**Activity**
Your output should be the lines below from the one holding "Property photo for" through the one holding "1 Bedroom Flat", transcribed exactly, with no pictures.

**Provided information**
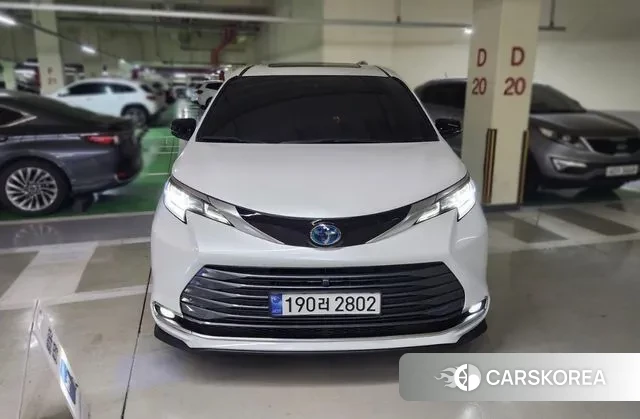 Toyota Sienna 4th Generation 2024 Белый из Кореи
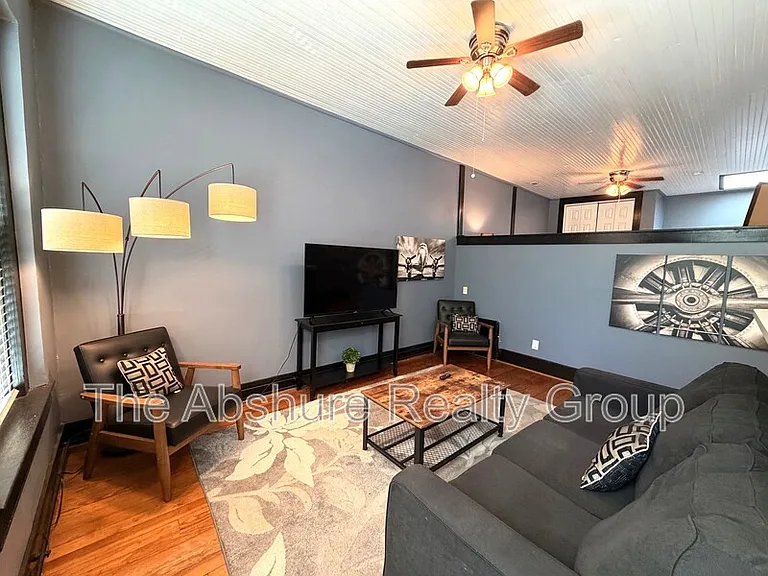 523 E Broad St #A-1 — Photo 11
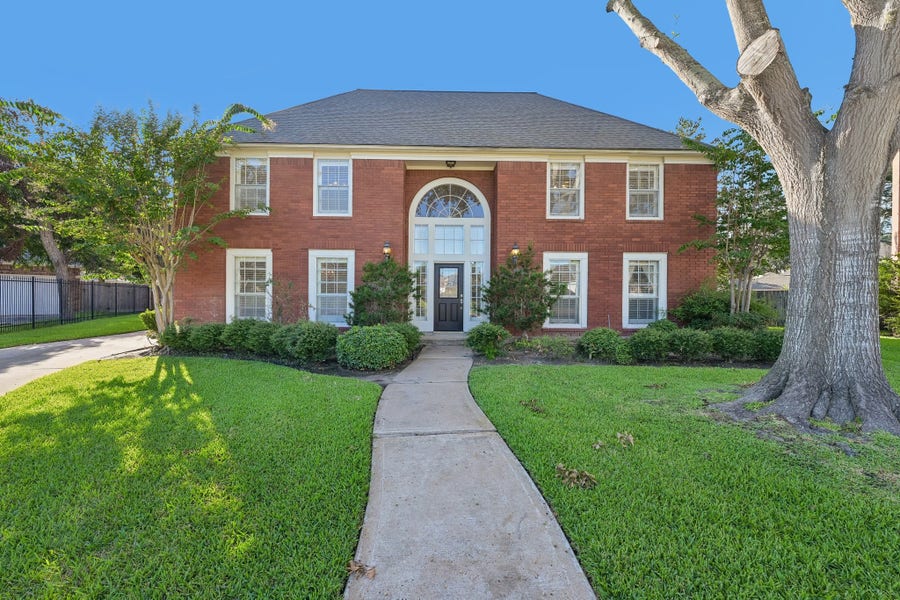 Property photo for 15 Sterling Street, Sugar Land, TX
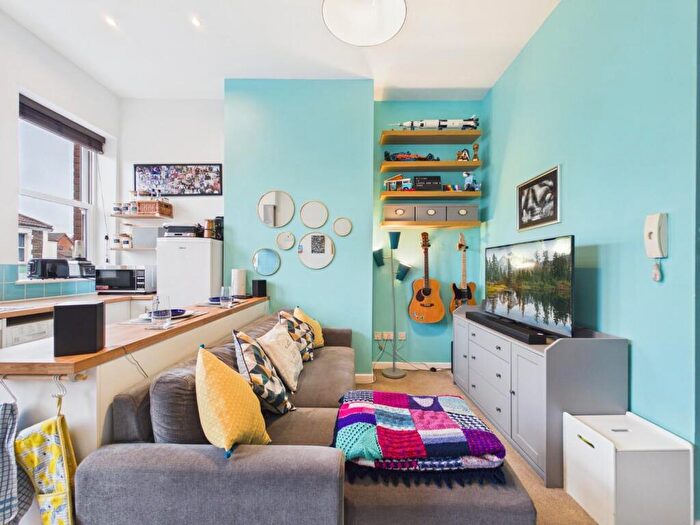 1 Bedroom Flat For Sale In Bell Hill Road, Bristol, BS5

...

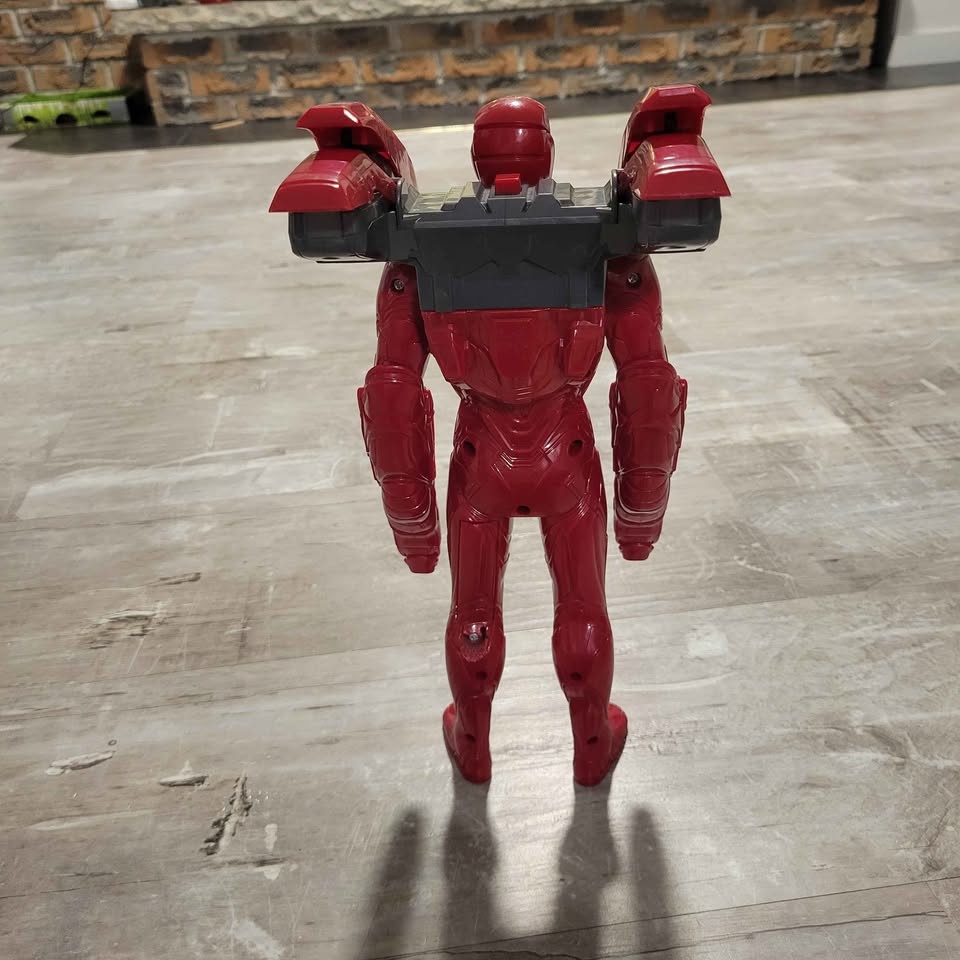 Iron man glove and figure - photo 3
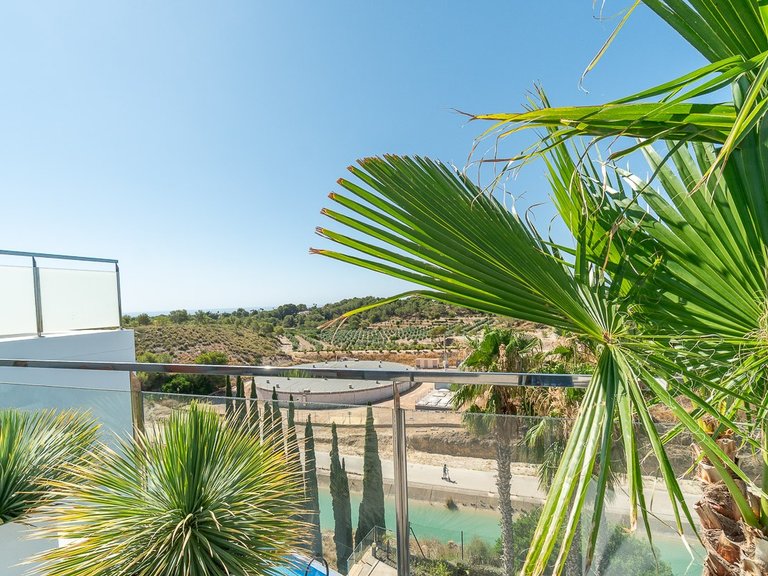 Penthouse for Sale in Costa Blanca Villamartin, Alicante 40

**Result of this task**
 Property photo for 15 Sterling Street, Sugar Land, TX
 1 Bedroom Flat For Sale In Bell Hill Road, Bristol, BS5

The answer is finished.